→ **Assignment**
Whenever a picture appears, omit it, and set down everything else in the records exactly.

→ **Material for this task**
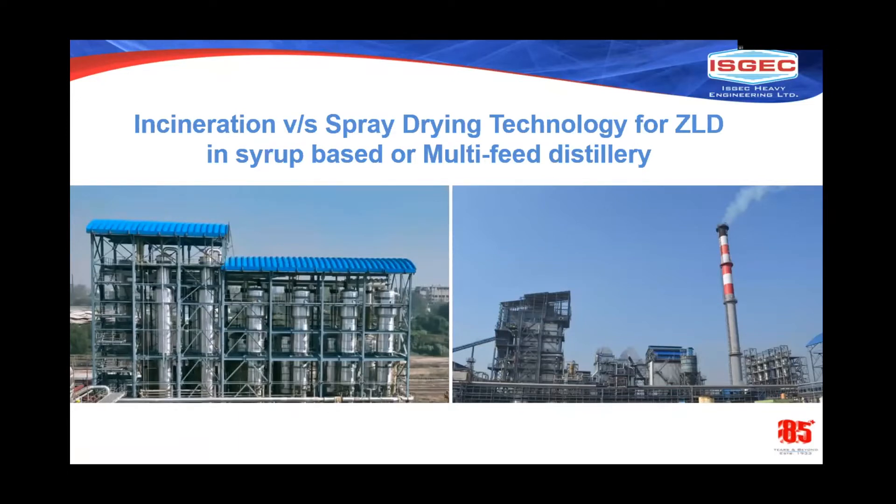In today's discussion, we will be presenting on incineration versus spray drying technology for zero liquid discharge in syrup-based or multi-feed distillery operations.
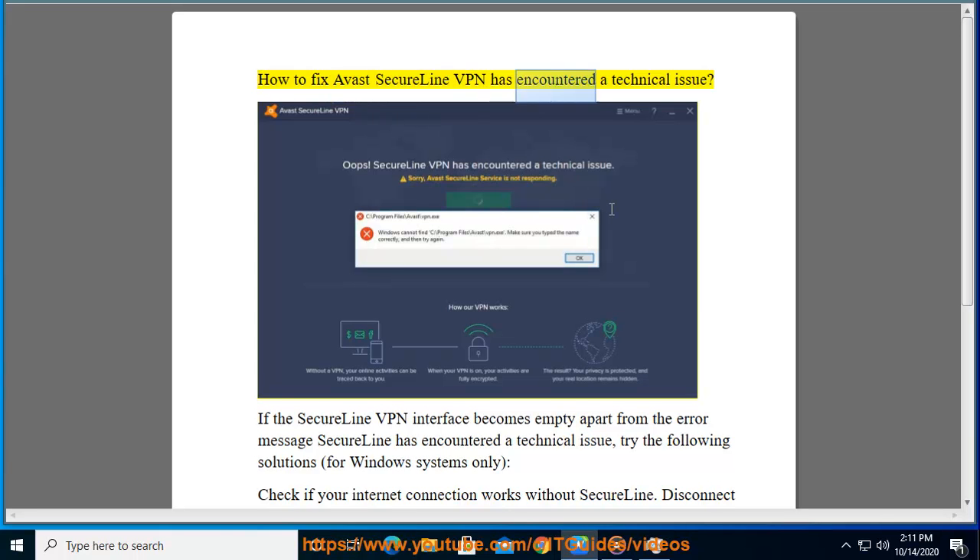How to fix Avast SecureLine VPN: 'has encountered a technical issue'. If the SecureLine VPN interface becomes empty apart from the error message 'SecureLine has encountered a technical issue', try the following solutions.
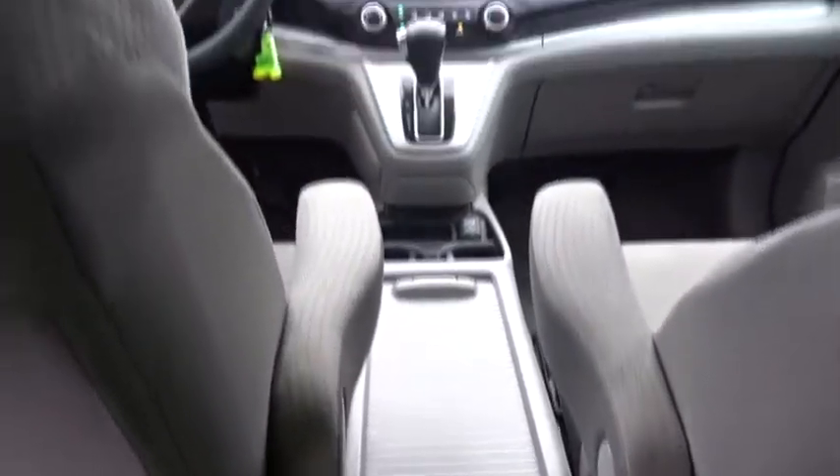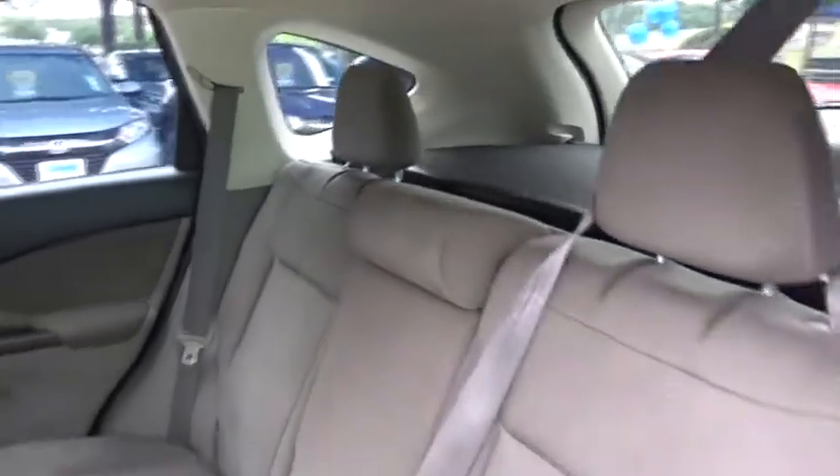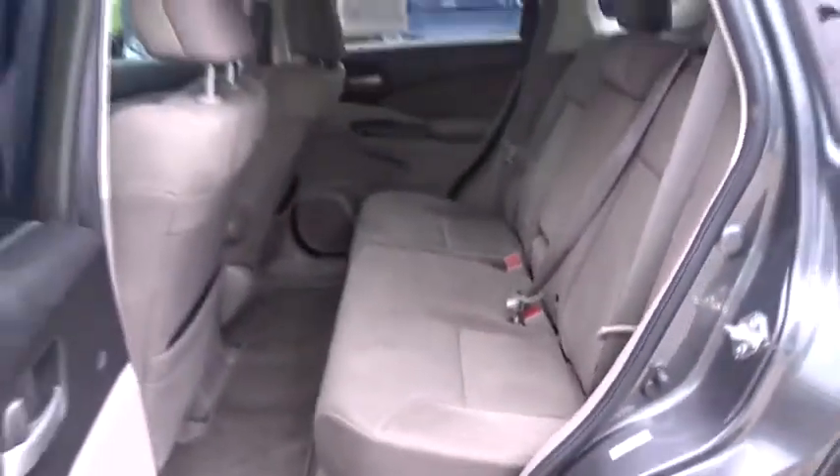This vehicle is Carfax certified one owner and qualifies for the Carfax buy-back guarantee. Searching for a dependable vehicle that looks great too? You found it, so stop in today.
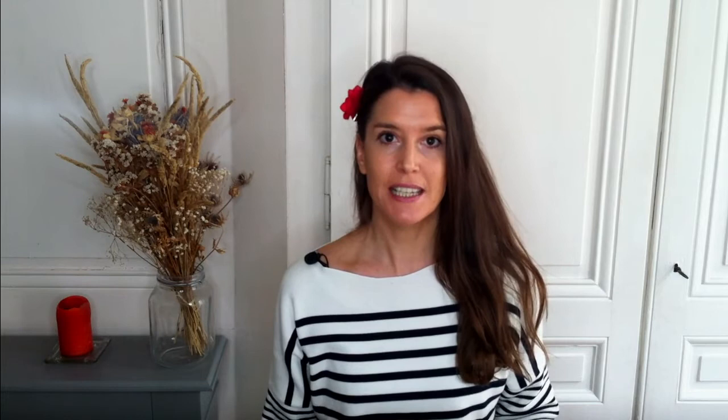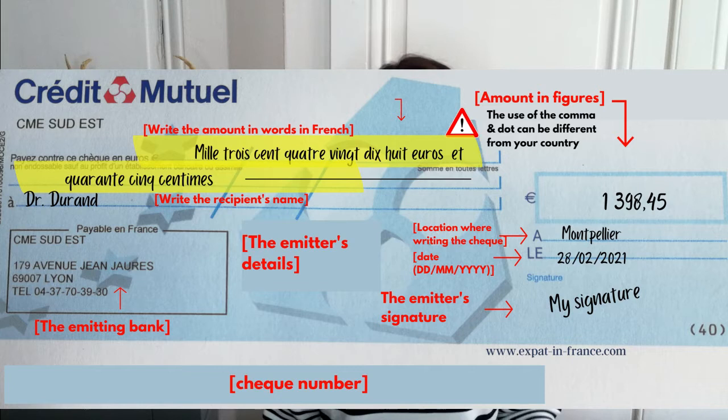First, you must fill out the amount in letters in French at the top left-hand corner, and in numbers in the square at the top right-hand corner. The two values must match. If there is a discrepancy, the bank will take the amount written in letters into account. This is a good opportunity to learn how to write numbers in French! Watch out for the way you write the values in numbers. In France, the comma is used before the cents and the dot can be used between the thousands and the hundreds — basically the other way around compared to Anglo-Saxon countries.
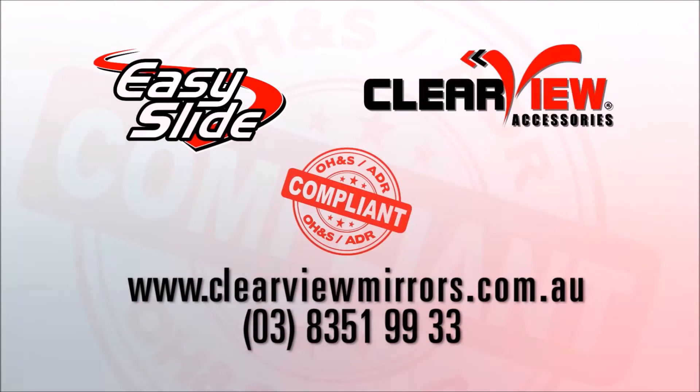For more information on Clearview towing mirrors and other great Clearview products, call 03 8351 9933.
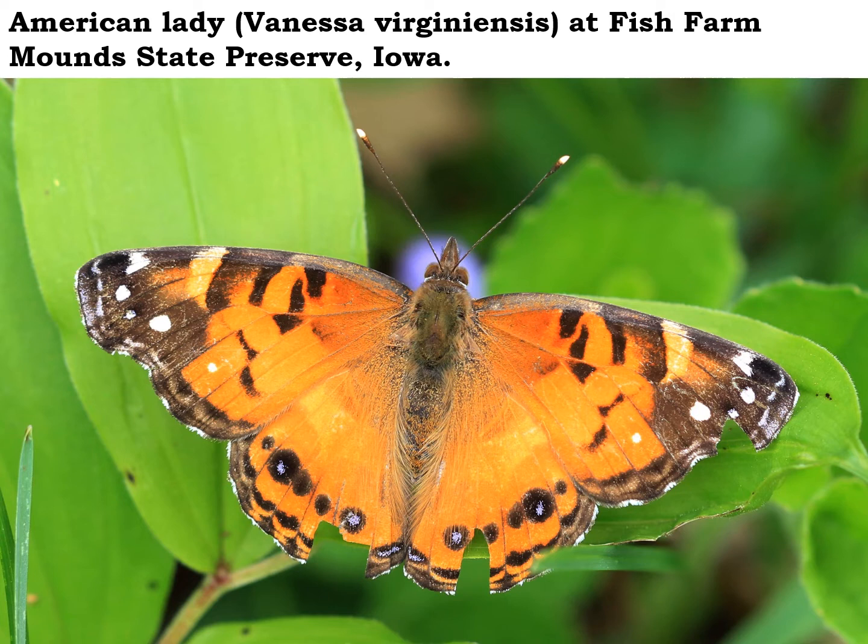They overwinter as a chrysalis and then emerge very early in the spring when the pussy toes are blooming, so that's where they lay their eggs. The Painted Lady, by the way, is not a resident butterfly — we have to wait for them to migrate here from southern states later in the year. So if you see a butterfly that looks like this now in May, it's more than likely the American Lady. You can tell for sure by looking at the underside of their wings, because on the bottom the American Lady will have two big eye spots, while the Painted Lady will have four or five.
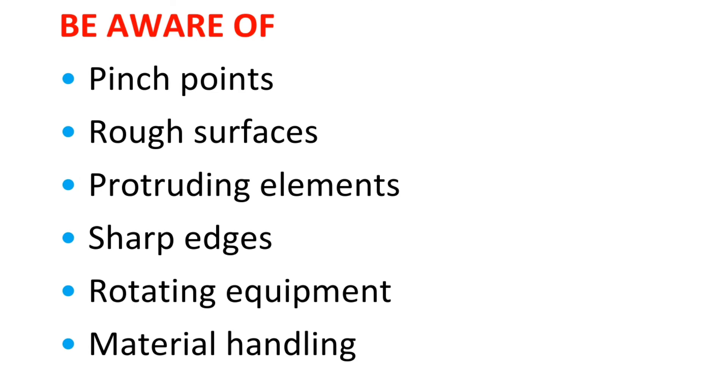Be aware of: pinch points, rough surfaces, protruding elements, sharp edges, rotating equipment, and material handling.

→ **Exercise response**
In today's discussion, we will be presenting on incineration versus spray drying technology for zero liquid discharge in syrup-based or multi-feed distillery operations.
How to fix Avast SecureLine VPN: 'has encountered a technical issue'. If the SecureLine VPN interface becomes empty apart from the error message 'SecureLine has encountered a technical issue', try the following solutions.
This vehicle is Carfax certified one owner and qualifies for the Carfax buy-back guarantee. Searching for a dependable vehicle that looks great too? You found it, so stop in today.
First, you must fill out the amount in letters in French at the top left-hand corner, and in numbers in the square at the top right-hand corner. The two values must match. If there is a discrepancy, the bank will take the amount written in letters into account. This is a good opportunity to learn how to write numbers in French! Watch out for the way you write the values in numbers. In France, the comma is used before the cents and the dot can be used between the thousands and the hundreds — basically the other way around compared to Anglo-Saxon countries.
For more information on Clearview towing mirrors and other great Clearview products, call 03 8351 9933.
They overwinter as a chrysalis and then emerge very early in the spring when the pussy toes are blooming, so that's where they lay their eggs. The Painted Lady, by the way, is not a resident butterfly — we have to wait for them to migrate here from southern states later in the year. So if you see a butterfly that looks like this now in May, it's more than likely the American Lady. You can tell for sure by looking at the underside of their wings, because on the bottom the American Lady will have two big eye spots, while the Painted Lady will have four or five.
Be aware of: pinch points, rough surfaces, protruding elements, sharp edges, rotating equipment, and material handling.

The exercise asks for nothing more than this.